Don't Worry, He won't Get Far On Foot (2018) de Gus Van Sant.
Il s'agit d'un biopic sur John Callahan, d'après son autobiographie "Will the Real John Callahan Please Stan Up ?". John Callahan est décédé en 2010, était tétraplégique et est devenu ensuite un caricaturiste de renom malgré ses déboires avec l'alcool... A l'origine ce film devait se faire dès 1997 avec Robin Williams dans le rôle titre, ce dernier ayant eu l'idée du film et l'ayant proposé à Gus Van Sant pendant le tournage de "Will Hunting" (1997)... Malheureusement les aléas de la production ont toujours retardé le projet. Après les morts de Callahan en 2010 et Williams en 2014 ensuite, le cinéaste se rappela ce projet, le voici donc avec cette fois l'acteur Joaquin Phoenix dans le rôle titre, qu'il retrouve donc des années après "Prête à Tout" (1995).
John Callahan a connu plusieurs femmes, par choix scénaristique Gus Van Sant a réuni ses femmes (dont une thérapeute et une hôtesse de l'air) en une avec le personnage de Annu, incarnée par Rooney Mara. Cette dernière est la compagne de Joaquin Phoenix et fut proposée par ce dernier après avoir tourné déjà ensemble dans "Marie Madeleine" (2018) de Garth Davis (sortie en salle il y a seulement une semaine). A leurs côtés un casting hétéroclyte et inédit avec Jonah Hill, Jack Black, et Beth Ditto ex-leader du groupe rock Gossip Girl ainsi que Kim Gordon bassiste du groupe rock Sonic Youth et qui était déjà du film "Last Days" (2005) de Van Sant... Le réalisateur-scénariste a fait le choix d'une narration mosaïque alternant les flash-backs, Le concept façonne une sorte de puzzle émotionnel en adéquation avec le personnage central. Par contre Gus Van Sant insiste peut-être un peu trop sur deux uniques facettes de Callahan, son alcoolisme d'abord, ses dessins ensuite. En effet, Callahan est résumé à ses deux paramètres entre réunion des Alcooliques Anonymes (prend trop de place et trop bavard) et l'exposition régulière de ses dessins (plutôt bien gérés et intégrés). Il manque une nuance plus psychologique de l'homme et notamment son évolution et son goût pour la provocation qui est ici complètement occulté. Plusieurs choses ont été omises dans le film, outre son goût pour la provocation, le fait que sa santé se détériorait d'année en année, le fait qu'il a écrit des chansons et travaillé avec Tom Waitts par exemple, qu'il aurait commencé à boire à 13 ans suite à des attouchements d'une institutrice...

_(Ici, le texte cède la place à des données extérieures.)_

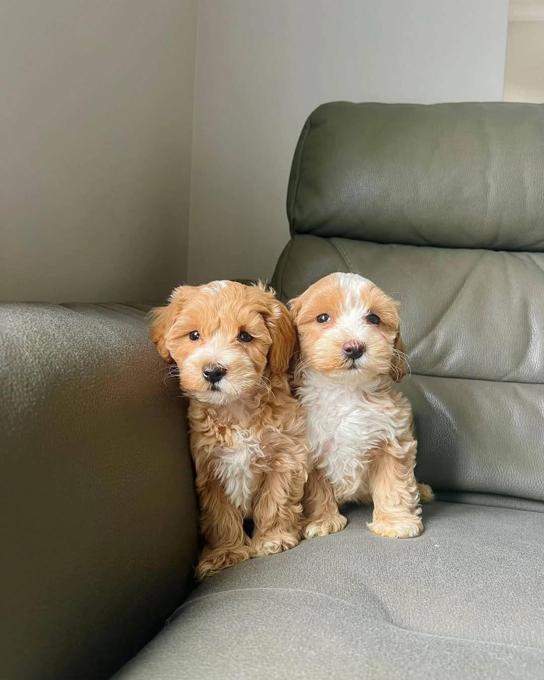 Maltipoo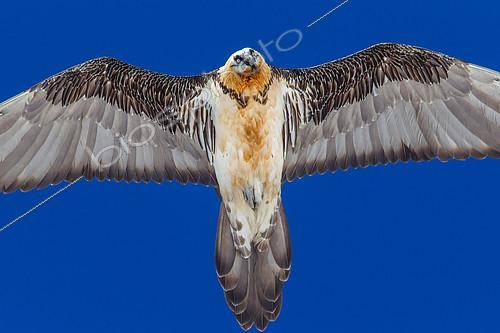 Biosphoto | 2088944 | Bearded Vulture (Gypaetus barbatus) in flight over blue sky, Alps, Switzerland. | &copy; Christian Fosserat / Biosphoto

Bref, Gus Van Sant a choisi d'édulcorer la vie de John Callahan, en montrant la rédemption par l'art. Simpliste et erroné. Néanmoins, ce film peut être pris comme un bel hommage si on ne regarde pas trop près la bio de l'artiste. On salue la performance de Joaquin Phoenix qui s'est particulièrement investi dans son rôle avec énormément de documentation et en passant du temps au centre de rééducation où Callahan a été soigné. On peut aussi rester perplexe sur le personnage de Annu, sous-exploitée et plutôt peu plausible sur la thérapeute-hôtesse de l'air deux en une. Evidemment, au vu du sujet ça reste intéressant, bien construit, bien joué mais on est bien loin de l'application, de la fidélité et de la force émotionnelle d'autres films au sujet similaire comme "My Left Foot" (1989) de Jim Sheridan, "Le Scaphandre et le Papillon" (2007) de Julian Schnabel et même dernièrement "Une Merveilleuse Histoire du Temps" (2015) de James Marsh, et même "The Sessions" (2013) de Ben Lewin.